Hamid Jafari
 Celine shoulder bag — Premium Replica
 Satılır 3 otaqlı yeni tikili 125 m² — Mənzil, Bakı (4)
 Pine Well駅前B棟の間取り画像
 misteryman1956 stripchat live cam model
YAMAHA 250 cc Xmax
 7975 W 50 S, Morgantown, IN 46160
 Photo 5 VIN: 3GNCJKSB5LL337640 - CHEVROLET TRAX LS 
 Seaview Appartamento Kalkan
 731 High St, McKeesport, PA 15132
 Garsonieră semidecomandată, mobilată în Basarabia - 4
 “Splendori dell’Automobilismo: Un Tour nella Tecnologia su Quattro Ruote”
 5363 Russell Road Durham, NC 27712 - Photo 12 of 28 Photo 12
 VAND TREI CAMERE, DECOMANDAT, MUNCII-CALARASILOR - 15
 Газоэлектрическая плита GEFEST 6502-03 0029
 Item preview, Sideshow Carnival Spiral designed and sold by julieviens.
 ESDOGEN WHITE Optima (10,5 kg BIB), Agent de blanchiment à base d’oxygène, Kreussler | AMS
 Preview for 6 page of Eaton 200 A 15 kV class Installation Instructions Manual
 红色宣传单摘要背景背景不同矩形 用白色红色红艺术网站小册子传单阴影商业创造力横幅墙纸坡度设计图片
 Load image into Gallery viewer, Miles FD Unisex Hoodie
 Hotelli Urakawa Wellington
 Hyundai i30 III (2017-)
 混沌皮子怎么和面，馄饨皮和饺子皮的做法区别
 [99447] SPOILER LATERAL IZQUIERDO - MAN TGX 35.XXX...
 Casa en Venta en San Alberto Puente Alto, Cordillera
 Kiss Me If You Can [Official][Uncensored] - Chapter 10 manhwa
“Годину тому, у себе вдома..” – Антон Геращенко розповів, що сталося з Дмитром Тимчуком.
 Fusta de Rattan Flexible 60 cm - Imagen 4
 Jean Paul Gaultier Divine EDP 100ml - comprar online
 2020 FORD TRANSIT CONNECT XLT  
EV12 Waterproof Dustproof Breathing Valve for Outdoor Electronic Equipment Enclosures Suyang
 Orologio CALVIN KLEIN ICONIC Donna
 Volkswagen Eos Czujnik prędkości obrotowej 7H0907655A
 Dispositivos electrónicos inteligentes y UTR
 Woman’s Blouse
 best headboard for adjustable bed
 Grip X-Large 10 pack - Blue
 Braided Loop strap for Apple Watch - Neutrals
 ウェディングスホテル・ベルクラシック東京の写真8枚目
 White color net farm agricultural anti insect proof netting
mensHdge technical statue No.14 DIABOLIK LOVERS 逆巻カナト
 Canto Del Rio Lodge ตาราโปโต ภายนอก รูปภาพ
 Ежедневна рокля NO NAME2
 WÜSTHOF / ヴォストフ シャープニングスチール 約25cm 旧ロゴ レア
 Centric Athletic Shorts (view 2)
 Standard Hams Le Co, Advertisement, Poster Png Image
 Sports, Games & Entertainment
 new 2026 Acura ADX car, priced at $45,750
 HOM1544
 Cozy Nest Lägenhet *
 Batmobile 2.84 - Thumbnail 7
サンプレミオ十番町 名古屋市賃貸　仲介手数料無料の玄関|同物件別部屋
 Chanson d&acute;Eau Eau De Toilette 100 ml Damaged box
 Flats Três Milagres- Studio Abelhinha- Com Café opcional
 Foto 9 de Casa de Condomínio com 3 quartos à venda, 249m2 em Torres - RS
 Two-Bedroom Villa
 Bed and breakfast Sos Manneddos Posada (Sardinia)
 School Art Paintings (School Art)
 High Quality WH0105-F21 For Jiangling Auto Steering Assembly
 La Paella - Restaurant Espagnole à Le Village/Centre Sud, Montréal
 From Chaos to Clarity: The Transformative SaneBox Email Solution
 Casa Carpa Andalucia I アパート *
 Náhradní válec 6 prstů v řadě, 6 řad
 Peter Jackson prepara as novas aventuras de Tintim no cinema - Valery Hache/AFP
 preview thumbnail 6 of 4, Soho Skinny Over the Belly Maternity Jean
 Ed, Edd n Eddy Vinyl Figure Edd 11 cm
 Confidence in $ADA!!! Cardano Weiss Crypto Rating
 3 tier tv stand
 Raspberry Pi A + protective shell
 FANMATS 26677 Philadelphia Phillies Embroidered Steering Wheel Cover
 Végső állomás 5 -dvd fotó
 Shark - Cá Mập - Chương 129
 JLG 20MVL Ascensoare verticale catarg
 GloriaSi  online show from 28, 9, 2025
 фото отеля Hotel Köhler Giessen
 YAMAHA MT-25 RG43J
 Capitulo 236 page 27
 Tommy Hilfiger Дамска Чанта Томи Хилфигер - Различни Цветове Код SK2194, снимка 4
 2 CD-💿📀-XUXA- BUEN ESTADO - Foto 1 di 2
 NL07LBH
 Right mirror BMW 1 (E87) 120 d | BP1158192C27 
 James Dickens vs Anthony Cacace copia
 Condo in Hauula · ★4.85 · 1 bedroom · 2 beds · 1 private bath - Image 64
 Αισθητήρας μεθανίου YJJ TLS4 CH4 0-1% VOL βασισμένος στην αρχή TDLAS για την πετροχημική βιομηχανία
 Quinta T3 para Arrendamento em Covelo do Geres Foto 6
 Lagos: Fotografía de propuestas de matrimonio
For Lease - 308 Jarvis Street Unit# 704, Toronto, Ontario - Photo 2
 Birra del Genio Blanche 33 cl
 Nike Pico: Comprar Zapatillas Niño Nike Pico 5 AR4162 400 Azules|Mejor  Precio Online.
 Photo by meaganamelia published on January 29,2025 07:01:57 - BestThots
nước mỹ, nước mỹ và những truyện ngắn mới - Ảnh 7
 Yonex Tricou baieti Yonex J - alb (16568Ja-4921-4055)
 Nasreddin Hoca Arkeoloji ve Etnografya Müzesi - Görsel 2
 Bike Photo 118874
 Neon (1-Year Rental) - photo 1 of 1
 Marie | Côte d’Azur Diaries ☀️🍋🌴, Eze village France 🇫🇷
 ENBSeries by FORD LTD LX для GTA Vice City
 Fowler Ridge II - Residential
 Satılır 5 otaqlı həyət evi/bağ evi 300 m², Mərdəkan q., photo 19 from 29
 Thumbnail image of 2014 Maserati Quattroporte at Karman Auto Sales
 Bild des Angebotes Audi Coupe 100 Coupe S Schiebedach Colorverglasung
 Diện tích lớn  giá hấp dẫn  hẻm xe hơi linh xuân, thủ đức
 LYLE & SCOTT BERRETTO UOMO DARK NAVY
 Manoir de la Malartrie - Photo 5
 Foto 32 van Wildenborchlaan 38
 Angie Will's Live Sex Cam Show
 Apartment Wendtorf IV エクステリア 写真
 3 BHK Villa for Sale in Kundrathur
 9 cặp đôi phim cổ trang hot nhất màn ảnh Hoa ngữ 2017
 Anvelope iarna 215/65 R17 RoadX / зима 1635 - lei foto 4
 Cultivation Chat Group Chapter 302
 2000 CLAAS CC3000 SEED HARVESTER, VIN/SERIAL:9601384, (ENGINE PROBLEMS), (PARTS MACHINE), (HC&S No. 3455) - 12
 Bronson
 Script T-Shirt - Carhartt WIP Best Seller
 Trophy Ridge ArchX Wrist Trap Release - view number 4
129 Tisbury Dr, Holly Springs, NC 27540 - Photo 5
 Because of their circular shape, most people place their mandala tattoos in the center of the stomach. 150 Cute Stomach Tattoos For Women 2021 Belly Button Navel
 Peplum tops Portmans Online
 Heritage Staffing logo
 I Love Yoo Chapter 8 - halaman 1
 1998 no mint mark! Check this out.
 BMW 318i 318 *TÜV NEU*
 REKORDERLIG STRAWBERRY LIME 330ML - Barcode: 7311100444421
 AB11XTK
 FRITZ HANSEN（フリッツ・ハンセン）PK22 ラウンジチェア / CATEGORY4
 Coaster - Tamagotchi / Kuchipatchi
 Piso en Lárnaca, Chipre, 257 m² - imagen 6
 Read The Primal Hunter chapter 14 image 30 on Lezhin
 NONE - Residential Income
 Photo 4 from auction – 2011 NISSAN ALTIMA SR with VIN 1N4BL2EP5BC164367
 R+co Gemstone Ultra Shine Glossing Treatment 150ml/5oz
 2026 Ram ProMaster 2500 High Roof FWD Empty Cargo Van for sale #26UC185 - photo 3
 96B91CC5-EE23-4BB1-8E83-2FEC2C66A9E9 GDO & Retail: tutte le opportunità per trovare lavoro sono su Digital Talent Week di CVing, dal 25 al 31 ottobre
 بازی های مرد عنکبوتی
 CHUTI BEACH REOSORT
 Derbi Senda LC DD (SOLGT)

• TASK DESCRIPTION:
Transcribe the records above from the line holding "5363 Russell Road" down to the line holding "Canto Del Rio Lodge ตาราโปโต ภายนอก รูปภาพ", inclusive, without adding anything.

• WRITTEN RESPONSE:
 5363 Russell Road Durham, NC 27712 - Photo 12 of 28 Photo 12
 VAND TREI CAMERE, DECOMANDAT, MUNCII-CALARASILOR - 15
 Газоэлектрическая плита GEFEST 6502-03 0029
 Item preview, Sideshow Carnival Spiral designed and sold by julieviens.
 ESDOGEN WHITE Optima (10,5 kg BIB), Agent de blanchiment à base d’oxygène, Kreussler | AMS
 Preview for 6 page of Eaton 200 A 15 kV class Installation Instructions Manual
 红色宣传单摘要背景背景不同矩形 用白色红色红艺术网站小册子传单阴影商业创造力横幅墙纸坡度设计图片
 Load image into Gallery viewer, Miles FD Unisex Hoodie
 Hotelli Urakawa Wellington
 Hyundai i30 III (2017-)
 混沌皮子怎么和面，馄饨皮和饺子皮的做法区别
 [99447] SPOILER LATERAL IZQUIERDO - MAN TGX 35.XXX...
 Casa en Venta en San Alberto Puente Alto, Cordillera
 Kiss Me If You Can [Official][Uncensored] - Chapter 10 manhwa
“Годину тому, у себе вдома..” – Антон Геращенко розповів, що сталося з Дмитром Тимчуком.
 Fusta de Rattan Flexible 60 cm - Imagen 4
 Jean Paul Gaultier Divine EDP 100ml - comprar online
 2020 FORD TRANSIT CONNECT XLT  
EV12 Waterproof Dustproof Breathing Valve for Outdoor Electronic Equipment Enclosures Suyang
 Orologio CALVIN KLEIN ICONIC Donna
 Volkswagen Eos Czujnik prędkości obrotowej 7H0907655A
 Dispositivos electrónicos inteligentes y UTR
 Woman’s Blouse
 best headboard for adjustable bed
 Grip X-Large 10 pack - Blue
 Braided Loop strap for Apple Watch - Neutrals
 ウェディングスホテル・ベルクラシック東京の写真8枚目
 White color net farm agricultural anti insect proof netting
mensHdge technical statue No.14 DIABOLIK LOVERS 逆巻カナト
 Canto Del Rio Lodge ตาราโปโต ภายนอก รูปภาพ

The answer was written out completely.